* YOUR INSTRUCTIONS
The following data has a line with "Elbise, Pantolon Kemeri_kilit" and a line with "Butterfly Valve, 3". Write out exactly those lines and all the lines between them.

* SUPPLIED ENTRIES
────────

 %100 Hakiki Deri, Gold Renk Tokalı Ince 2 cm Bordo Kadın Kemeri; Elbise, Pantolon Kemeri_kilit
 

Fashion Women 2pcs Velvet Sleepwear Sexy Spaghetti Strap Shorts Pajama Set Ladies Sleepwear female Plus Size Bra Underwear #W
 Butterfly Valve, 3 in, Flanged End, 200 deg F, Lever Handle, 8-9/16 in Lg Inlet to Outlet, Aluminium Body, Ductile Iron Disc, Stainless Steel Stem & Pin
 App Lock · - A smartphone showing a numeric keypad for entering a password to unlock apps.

────────

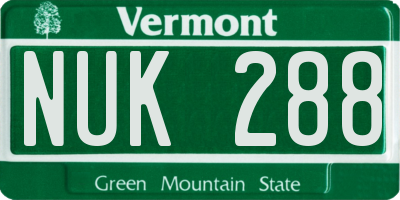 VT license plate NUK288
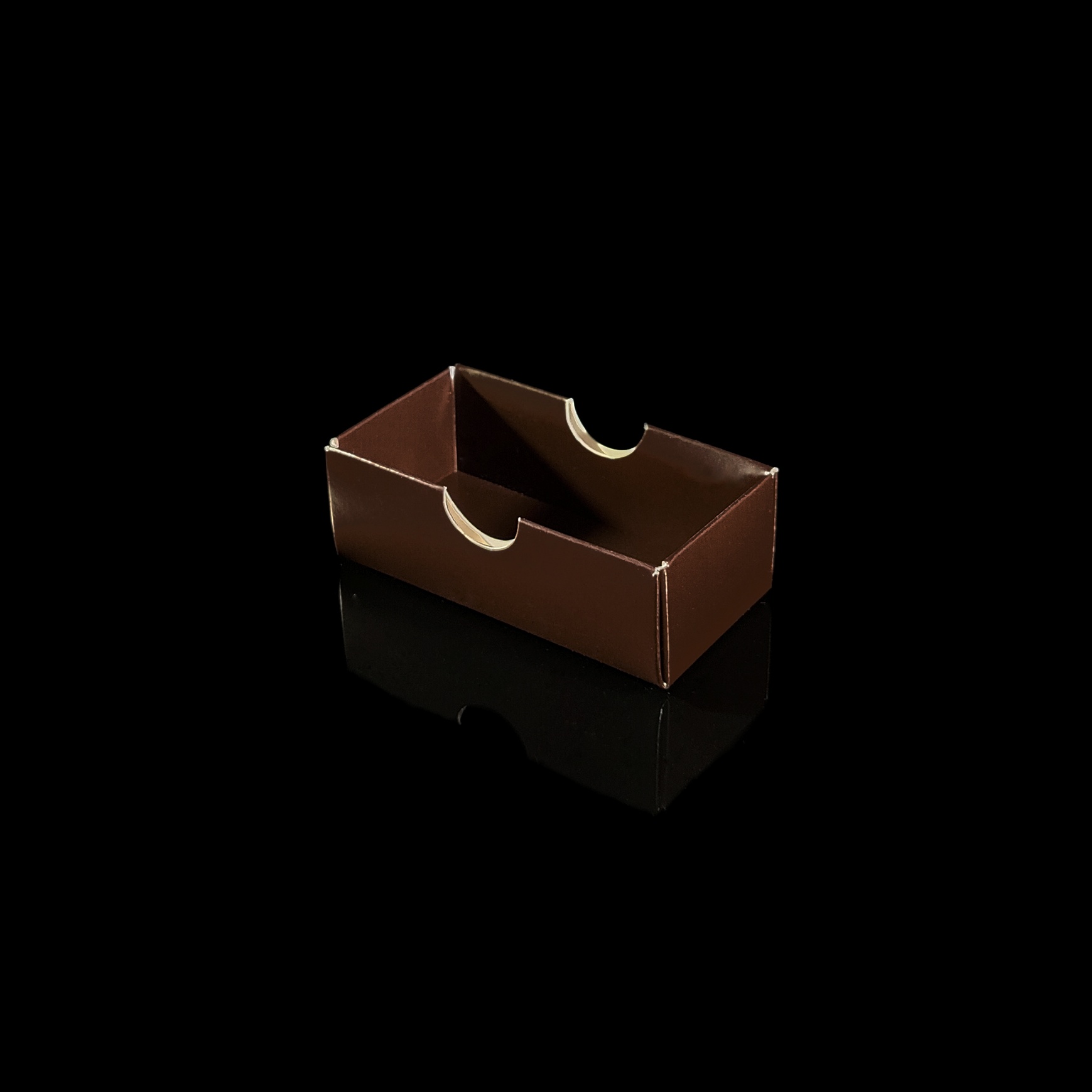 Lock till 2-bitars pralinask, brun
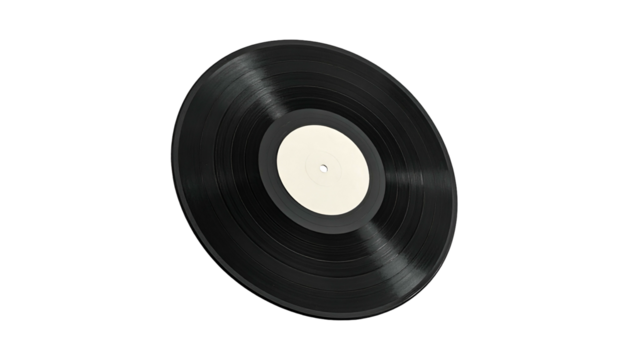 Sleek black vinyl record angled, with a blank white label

────────

* EXERCISE RESULT
 %100 Hakiki Deri, Gold Renk Tokalı Ince 2 cm Bordo Kadın Kemeri; Elbise, Pantolon Kemeri_kilit
 

Fashion Women 2pcs Velvet Sleepwear Sexy Spaghetti Strap Shorts Pajama Set Ladies Sleepwear female Plus Size Bra Underwear #W
 Butterfly Valve, 3 in, Flanged End, 200 deg F, Lever Handle, 8-9/16 in Lg Inlet to Outlet, Aluminium Body, Ductile Iron Disc, Stainless Steel Stem & Pin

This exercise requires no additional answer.